The procedure was performed by an eye surgeon who has operated on thousands of humans, but never any other type of primate.
Three-year-old Leslie was suffering increasing blindness in her left eye as a possible result of an injury.
Leslie has now returned to her troop as she recovers from surgery.
A team of ophthalmologists and anaesthesiologists from the University of California San Diego Health hospital were called to help in the zoo's first ever gorilla cataract surgery on 10 December, but it was only announced on Monday.
"As veterinarians, we are experts in our species but we are not necessarily specialists in all of the different fields of medicine," said zoo veterinarian Meredith Clancy.
Cataracts, which cause a lens in the eye to cloud over making it difficult for patients to see, often occur naturally with aging.
But Leslie's caregivers believe her cataract was caused by a fall while the "youngster was practising her climbing skills or from an overly rambunctious play session with other young gorillas in her troop".

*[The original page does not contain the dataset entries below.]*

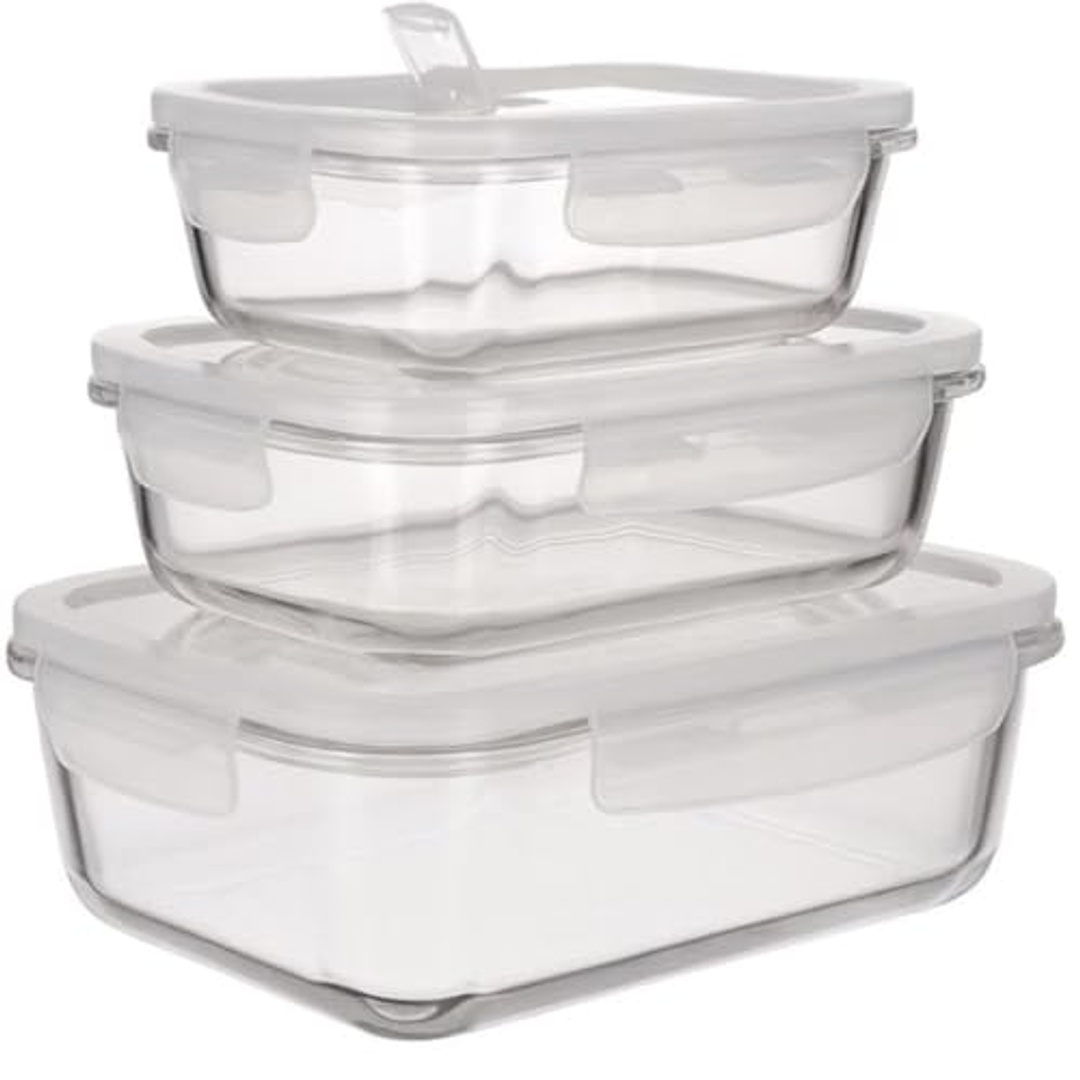 علب تخزين زجاجية لتنظيم الثلاجة - 3 قطع - PP-405-A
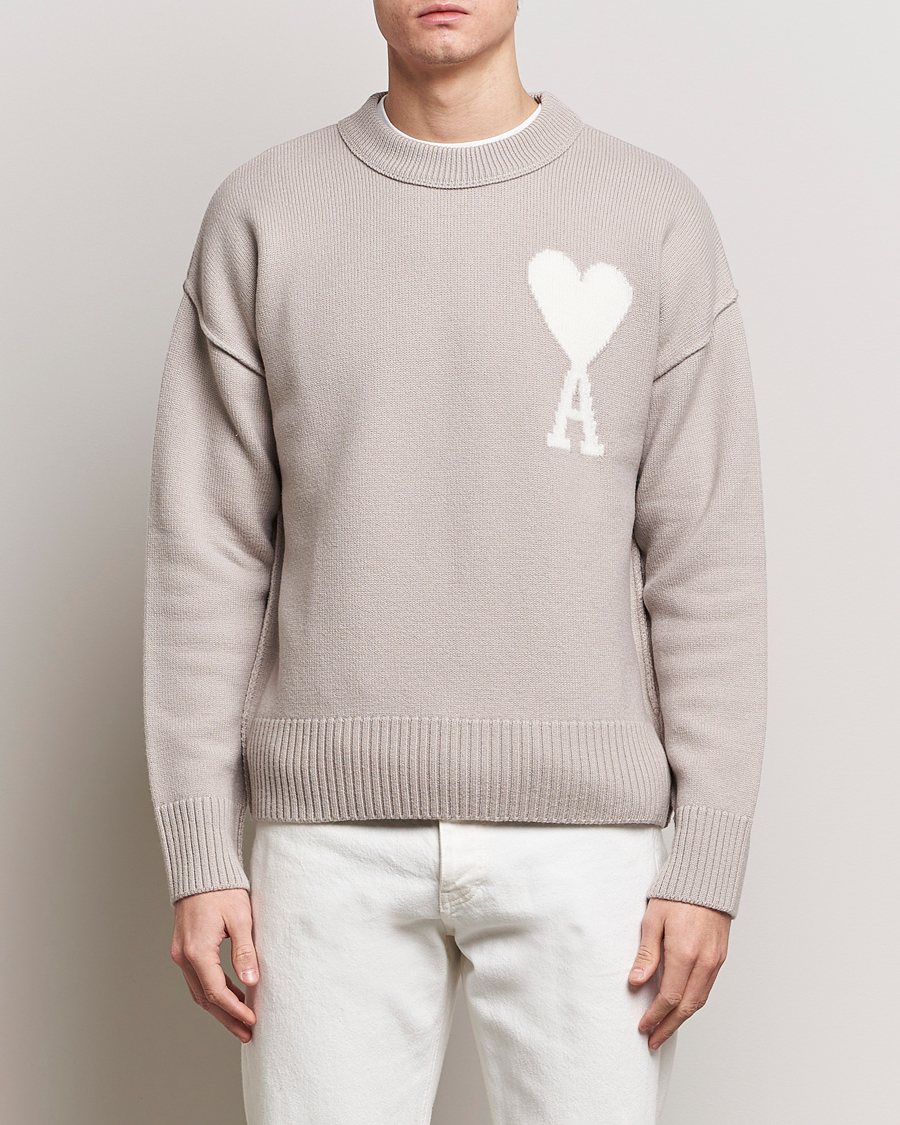 Herre | Trøjer | AMI | Big Heart Wool Sweater Light Beige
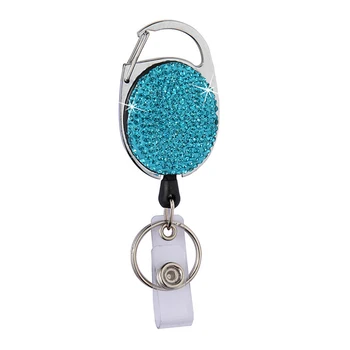 

Gift Fashion Reel ID Card Retractable Badge Holder Swivel Carabiner Clip On Clasps Bling Rhinestone School Office Key Ring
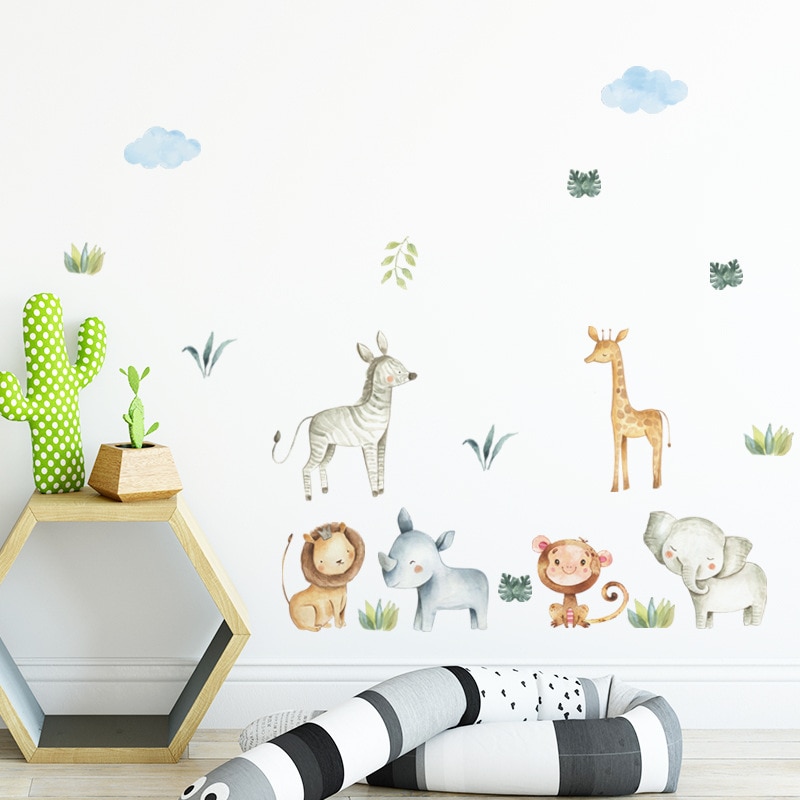 Watercolor Safari Cartoon Animals Jungle Wall Stickers for kids room Baby Nursery Room Decoration PVC wall Decals Living Room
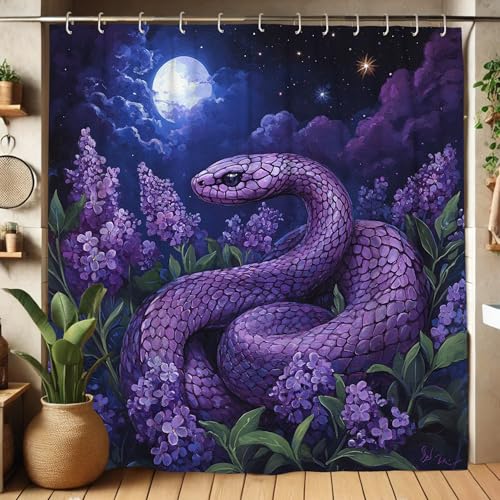 Cortina de ducha de serpiente púrpura, diseño artístico floral púrpura lila para decoración de baño, cortina de tela impermeable de otoño e invierno con ganchos 183 x 183 cm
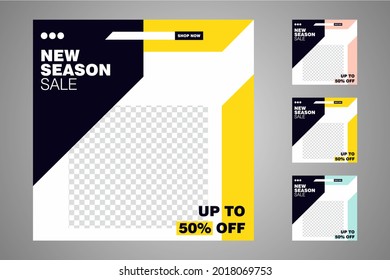 New set of editable minimal banner templates. Suitable for social media posts and web or internet ads. Vector illustration with photo college.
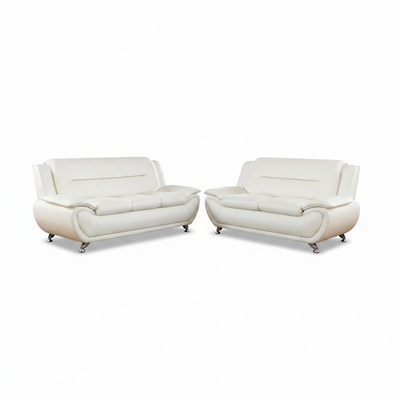 Leather Sofa Set,Leather Sofa Set for Living Room Furniture Sets, Loveseat Sofa with Chair 3-Piece for Living Room/Office/Apartment(White)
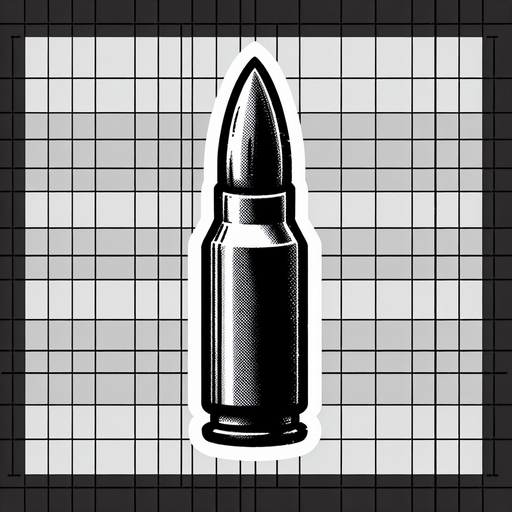 Bullet.
Single Game Texture. In-Game asset. 2d. Blank background. High contrast. No shadows.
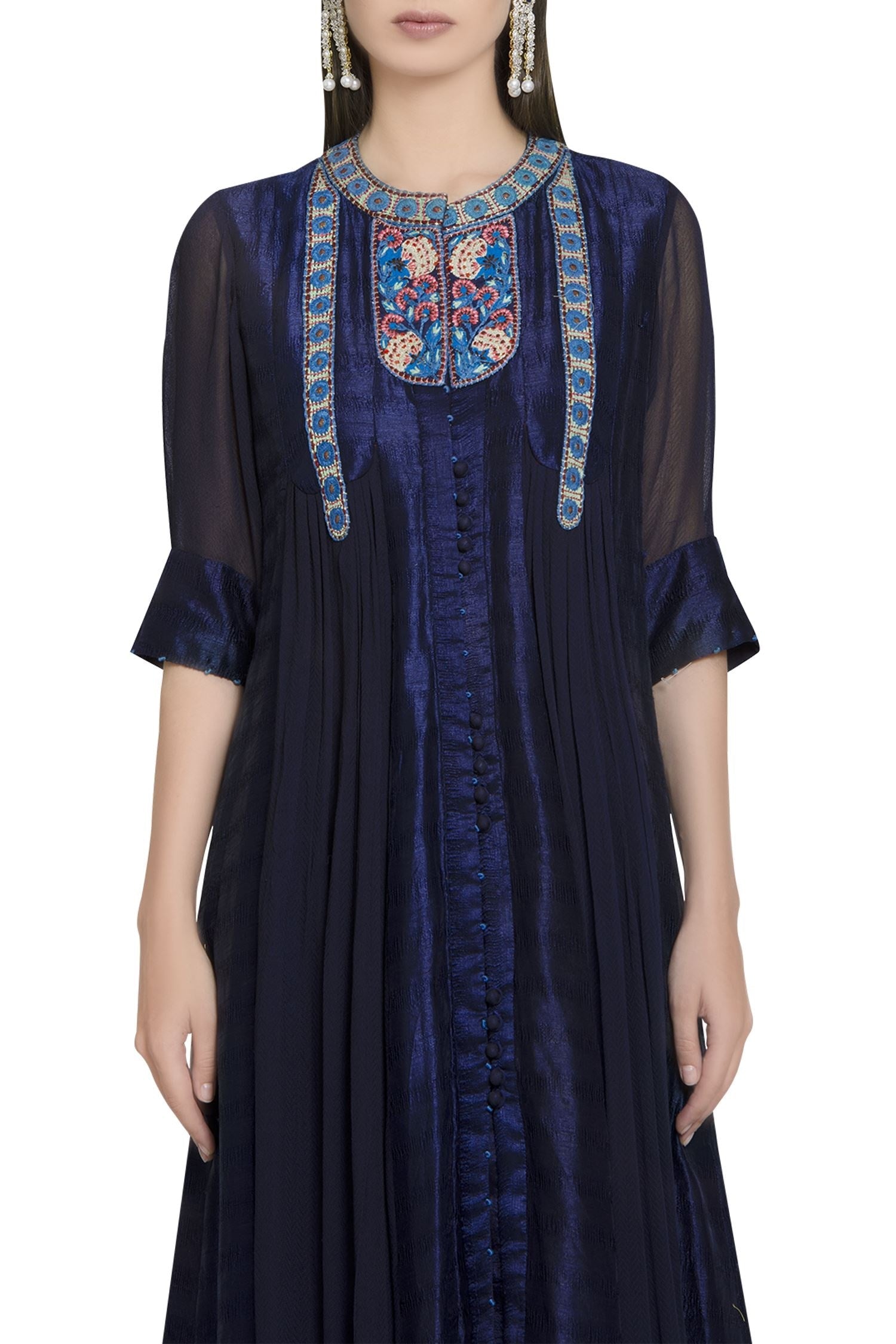 Thread embroidered long anarkali set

Doctors used a pharmaceutical muscle blocker to prevent Leslie's eye from making the slightest movement while cataract specialist Dr Chris Heichel used a microscope to remove the clouded lens and replace it with an artificial one.
Dr Heichel says he has performed surgery on humans ranging from one day old to 105 years, but this was his first gorilla.
The anatomical similarities between human and gorilla eyes meant the procedure wasn't too difficult, said a press release from the zoo.
Zoo staff also sedated Leslie's 31-year-old mother, Kokamo, so she would not be distressed by her daughter's absence during surgery.